How about the ID numbers, I hear you ask? Simple. Python provides us with a function called 'enumerate', which gives us (index, element) pairs given an input sequence of elements). It's clean, it lets us be explicit about our need for the index to solve the problem (and the purpose of the index), and it's a built-in that doesn't need to be interpreted like the rest of the Python code, so it doesn't incur all that much overhead. (When memory is a concern, it's possible to use a lazy-evaluation version instead.)
But even then, iterating to create each house, and then manually appending each one to an initially-empty list, is too low-level. Python knows how to construct a list of values; we don't need to tell it how. (And as a bonus, we typically get better performance by letting it do that part itself, since the actual looping logic can now be done internally, in native C.) We instead describe what we want in the list, with a list comprehension. We don't have to walk through the steps of "take each window-count in turn, make the corresponding house, and add it to the list", because we can say "a list of houses with the corresponding window-count for each window-count in this input list" directly. That's arguably clunkier in English, but much cleaner in a programming language like Python, because you can skip a bunch of the little words, and you don't have to expend effort to describe the initial list, or the act of appending the finished houses to the list. You don't describe the process at all, just the result. Made-to-order.
Finally, as a general programming concept, it makes sense, whenever possible, to delay the construction of an object until we have everything ready that's needed for that object's existence. "Two-phase construction" is ugly. So we make the windows for a house first, and then the house (using those windows). With list comprehensions, this is simple: we just nest the list comprehensions.
class House(object):
__slots__ = ['ID', 'windows']
def __init__(self, id, windows):
self.ID = str(id)
self.windows = windows
class Window(object):
__slots__ = ['ID']
def __init__(self, id):
self.ID = str(id)
windows_per_house = [1, 3, 2, 1]
# Build the houses.
houses = [
House(house_id, [Window(window_id) for window_id in range(window_count)])
for house_id, window_count in enumerate(windows_per_house)
]
# See how elegant the list comprehensions are?
# If you didn't quite follow the logic there, please try **not**
# to imagine the implicitly-defined process as you trace through it.
# (Pink elephants, I know, I know.) Just understand what is described.
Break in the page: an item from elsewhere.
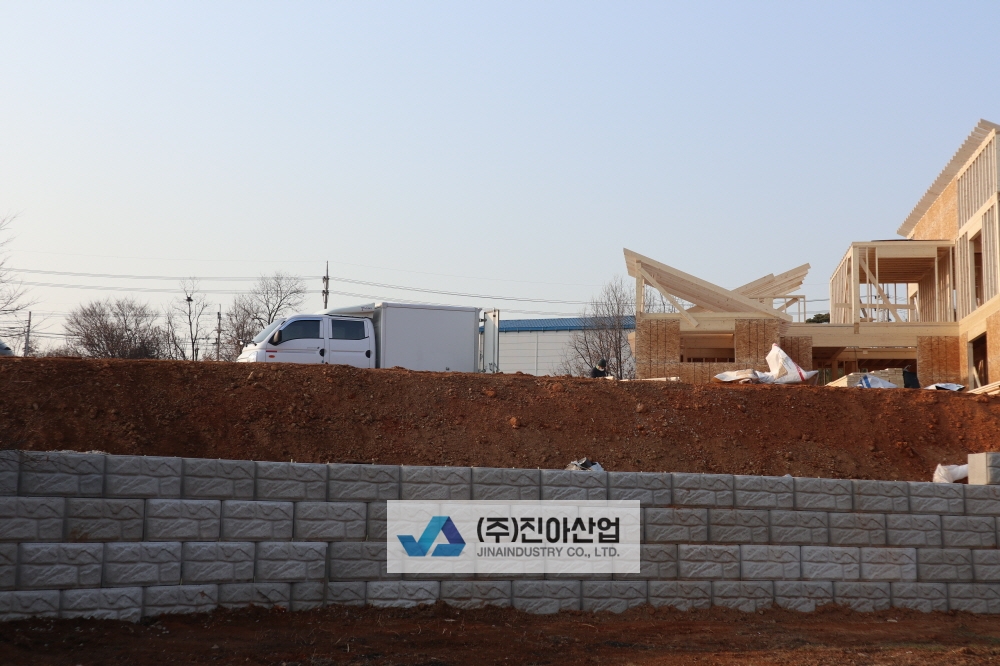 피씨IMG_6163.JPG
# And now we can iterate and print just as before.
for house in houses:
print "House: " + house.ID
for window in house.windows:
print " Window: " + window.ID
Apart from some indentation errors, you're assigning the IDs and window_lists to the class and not the instances.
You want something like
class House():
def __init__(self, ID):
self.ID = ID
self.window_list = []
etc.
Then, you can do house_list.append(House(str(newHouse))) and so on.